Using pandas with modelx
==========================

.. py:currentmodule:: modelx.core

`pandas`_ is a popular Python package for data manipulation and analysis.
It offers versatile data structures, such as *DataFrame* and *Series*
to store tabular and vector data.


Saving pandas objects in Excel or CSV files
--------------------------------------------

By default, modelx treats pandas objects in the same way as
it treats any other pickleable data, which means that
they are `pickled`_ and saved with other objects in a binary data file.

.. _pandas: https://pandas.pydata.org/
.. _pickled: https://docs.python.org/3/library/pickle.html

In addition to this default behaviour,
modelx implements a feature to change this default behaviour for pandas
DataFrames and Series, and save them in Excel and CSV files.

.. note::

    This feature require the `OpenPyXL`_ package in addition to pandas.
    If not yet installed, install `OpenPyXL`_ by
    ``pip install openpyxl`` or ``conda install openpyxl``.

.. _OpenPyXL: https://openpyxl.readthedocs.io/en/stable/


Let's see how this works.
The script below creates a sample DataFrame ``df``::

    >>> import pandas as pd

    >>> index = pd.date_range("20210101", periods=3)

    >>> df = pd.DataFrame(np.random.randn(3, 3), index=index, columns=list("XYZ"))

    >>> df
                       X         Y         Z
    2021-01-01  0.184497  0.140037 -1.599499
    2021-01-02 -1.029170  0.588080  0.081129
    2021-01-03  0.028450 -0.490102  0.025208

Let's also create a sample model and a sample space in the model,
and assign the space to ``space``::

    >>> import modelx as mx

    >>> model = mx.new_model()  # Creates a new model Model1

    >>> space = model.new_space()  # Creates a new space Space1

To assign the sample DataFrame to ``x`` in the space,
we would normally do::

    >>> space.x = df

By saving the model, ``df`` would be stored in a binary file named *data.pickle*
under the *_data* directory in the model directory.

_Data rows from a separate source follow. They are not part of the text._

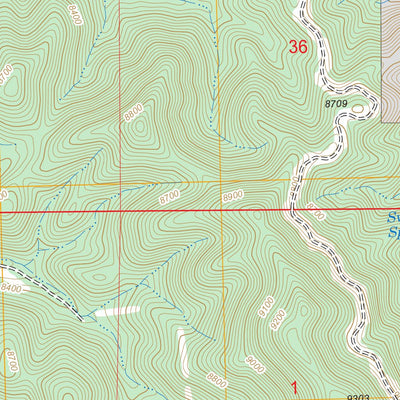 US Forest Service - Topo Monica Saddle, NM FSTopo Legacy digital map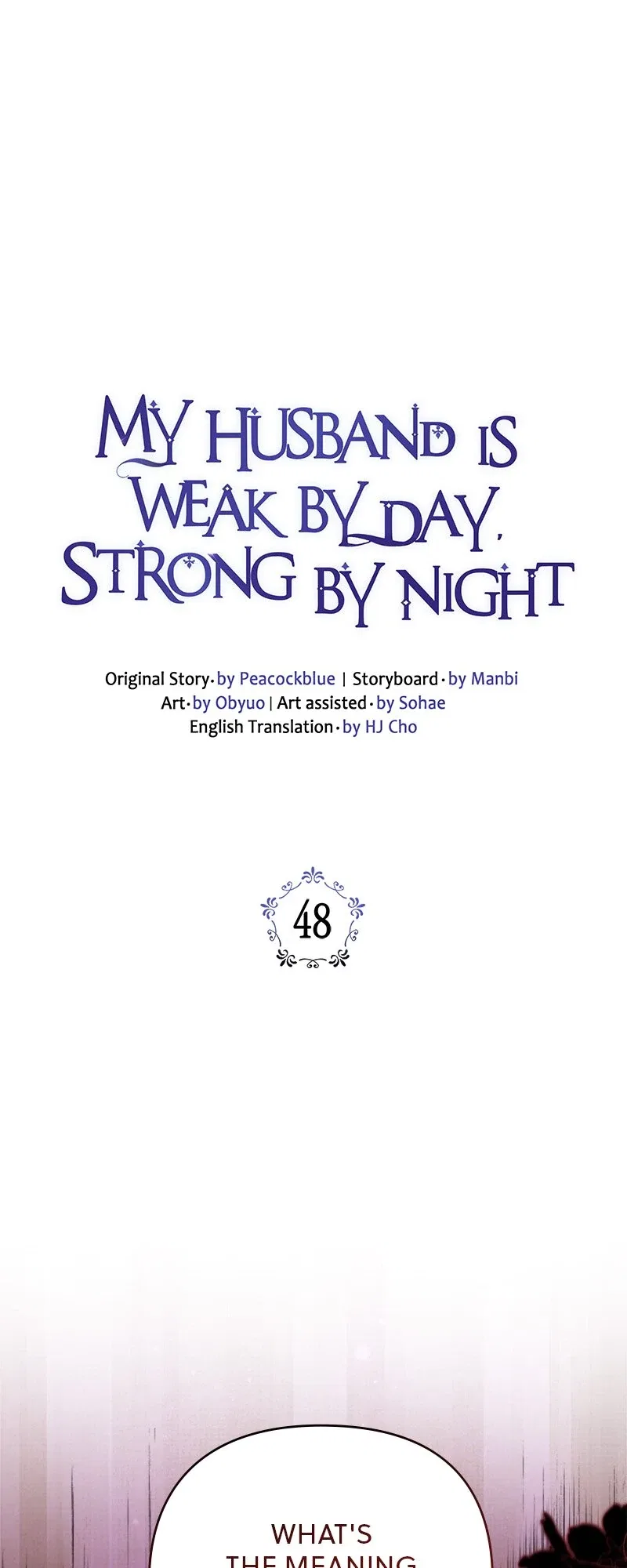 My Husband is Weak by Day, Strong by Night Chapter 48 – Page 1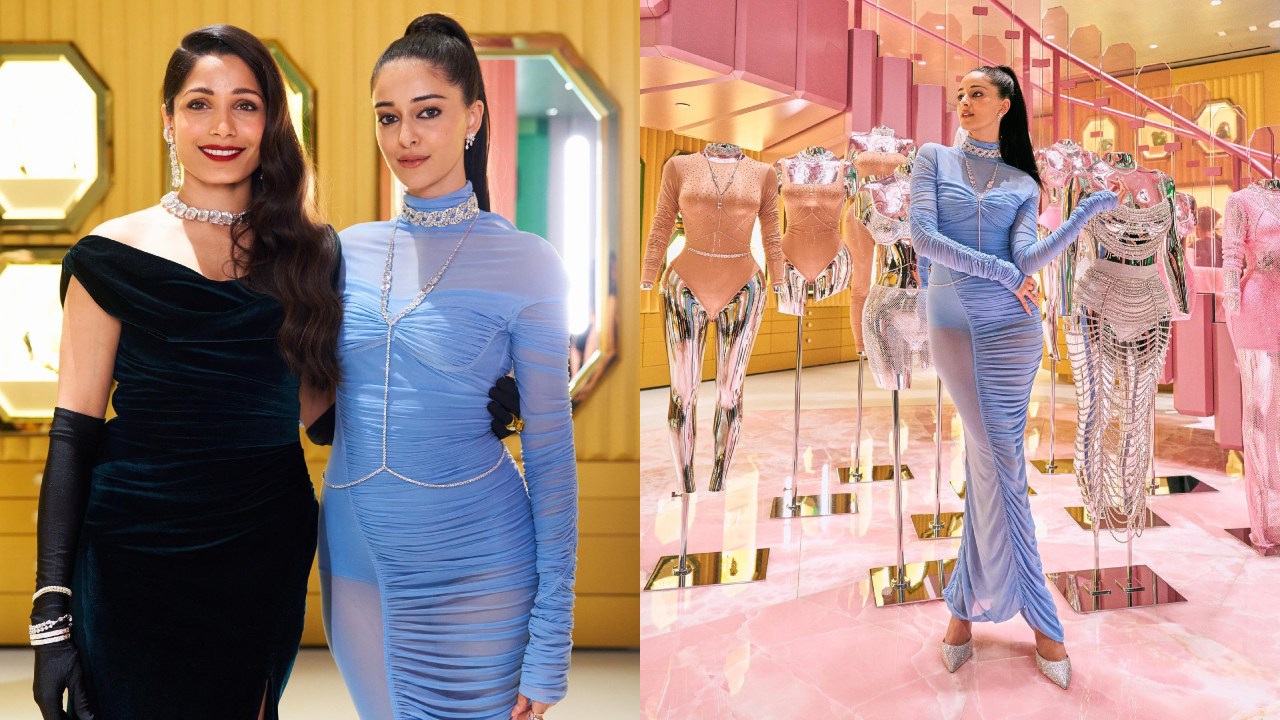 Ananya Panday shines like doll in candy blue bodycon gown [Photos] 867890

To save the DataFrame in an Excel file, instead of the assignment above,
:meth:`~space.UserSpace.new_pandas` should be used like this::

    >>> space.new_pandas("x", "Space1/df.xlsx", data=df, file_type="excel", sheet="df1")

The code above not only assigns ``df`` to ``x`` in ``space``,
but also associates metadata to ``df`` for saving it in an Excel file,
such as file path, file type and sheet name.

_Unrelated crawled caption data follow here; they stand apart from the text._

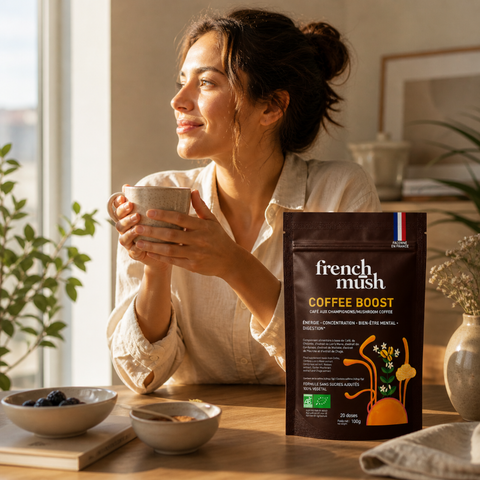 French Mush -- Coffee boost bio (aux champignons fonctionnels) - 100g (20 doses)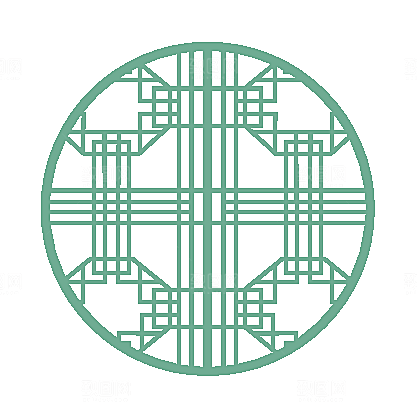 中式窗格图案素材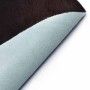 Alfombra de piel de vaca auténtica negro 150x170 cm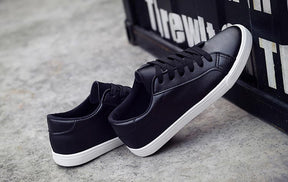 Tênis Casual Clássico de Couro PU - Jiasha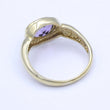 Laden Sie das Bild in den Galerie-Viewer, Vintage Damenring mit Amethyst / 333er 8 Karat Gelbgold - 56 17,8 mm Ø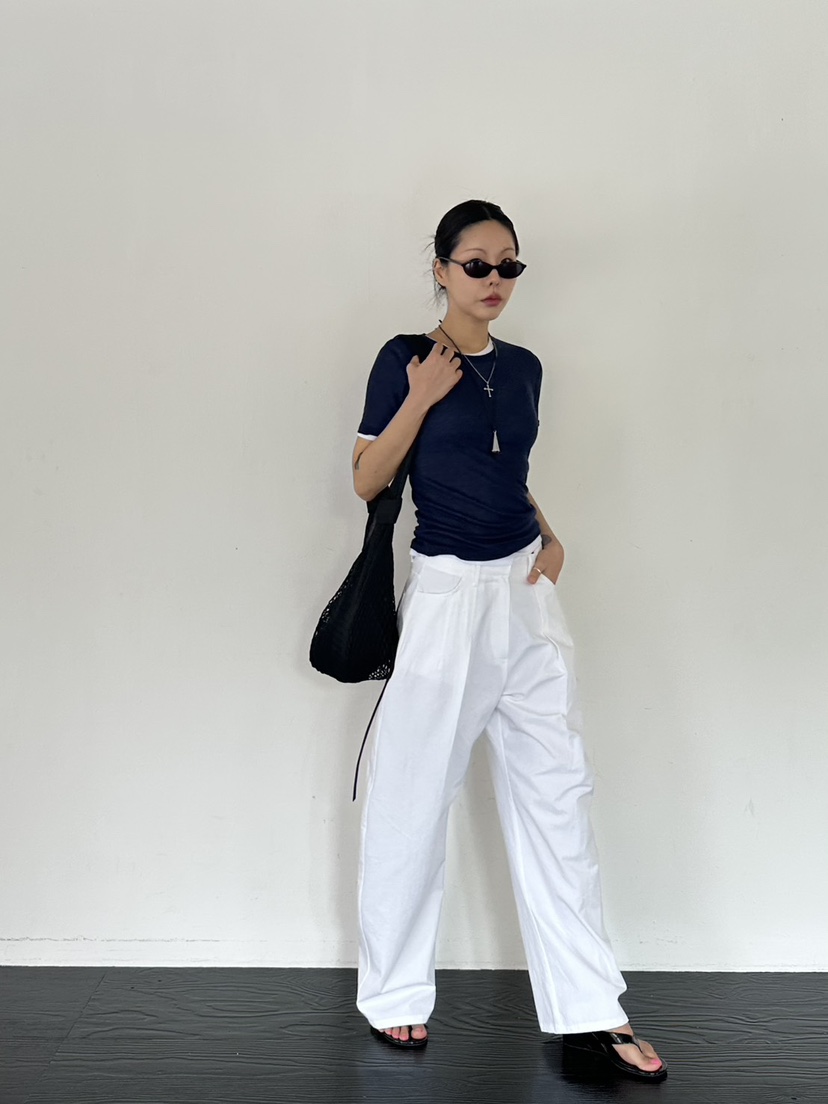 LIMLIMLIM韓國直郵女裝新款時尚職業休閑26春夏熱賣T恤天絲LIM LIM LIMT恤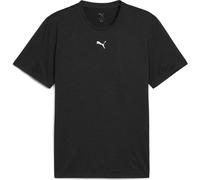 Puma M TAD Essentials Heather CAT Tee (CF Small Cat) puma black heather (01) XXL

The code below saves the model to a folder named *model* in the current directory::

    >>> model.write("model")

We should find an Excel file named *df.xlsx* in the *model/Space1* directory.
The file contains a table of ``df`` on sheet *df1*.

The metadata is associated to ``df`` as :class:`~modelx.io.pandasio.PandasData` object.
We can check the metadata by calling the model's :meth:`~model.Model.get_spec` method::

    >>> model.get_spec(df)
    <PandasData path='Space1/df.xlsx' file_type='excel' sheet='df1'>

Note that the metadata is associated to ``df``, the DataFrame object,
not to ``x``, because ``df`` can be assigned to other names.
We can assign ``df`` to, say, ``y`` after assigning ``df`` to ``x``
by :meth:`~space.UserSpace.new_pandas`.
This time, we don't need to use :meth:`~space.UserSpace.new_pandas`
but we can simply use the assignment operation, because
the metadata is already assigned to ``df``::

    >>> space.y = df

The diagram illustrates the relationships between ``x``, ``y``, ``df``,
and the PandasData object.

.. figure:: /images/tutorial/Pandas/pandasio.png

Both ``x`` and ``y`` refer to the same DataFrame object,
and the PandasData object containing the metadata is
associated to the DataFrame object, not to ``x`` or ``y``.

Replacing pandas objects
-------------------------

Let's say we want to replace the DataFrame object with a new one,
which is named ``df2`` in the global namespace.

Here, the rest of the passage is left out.